KEY WORDS: leaching, groundwater, soil map, Monte Carlo technique

INTRODUCTION

In the environmental assessments by the Netherlands Environmental Assessment Agency, the GeoPEARL model is used to calculate the leaching of pesticides to the groundwater at a national scale. The target quantity to report the risk to leaching at a specific location is the 50th percentile over time of the predicted environmental concentration (PEC50), i.e. the leaching concentration for the pesticide at a depth in soil of 1 m, which is considered to be representative for the concentration in ground water. In the new Dutch decision tree for leaching of pesticides to groundwater, the 90th percentile (P90) of the spatial frequency distribution of the PEC50 is taken in its area of use.
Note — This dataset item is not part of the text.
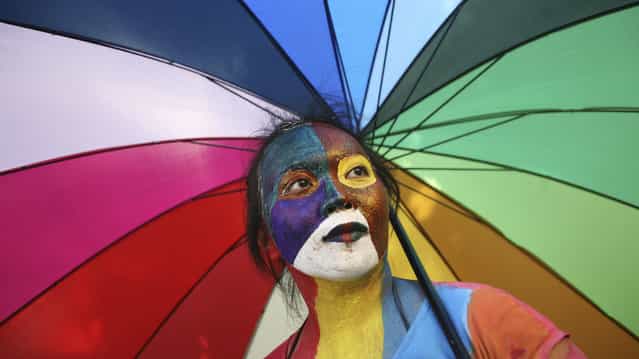 An Indonesian activist with painted face holds an parasol during a protest demanding equality for LGBTIQ (Lesbian, gay, bisexual, transgender and questioning) people in Medan, North Sumatra, Indonesia, Friday, May 31, 2012. Homosexuals and transgenders in the world's most populous Muslim country are often faced with discriminations and abuses. (Photo by Binsar Bakkara/AP Photo)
The GeoPEARL model has various components (Tiktak et al., 2004; Kroon et al., 2001) Inaccuracies in a component can propagate to the next component and finally to the outcome of the calculations. An uncertainty and sensitivity analysis of the various components results in information on the accuracy of the final outcome and on the contribution of the uncertainty in one component on the outcome of the results. Such information can be used to identify the model components that need to be improved.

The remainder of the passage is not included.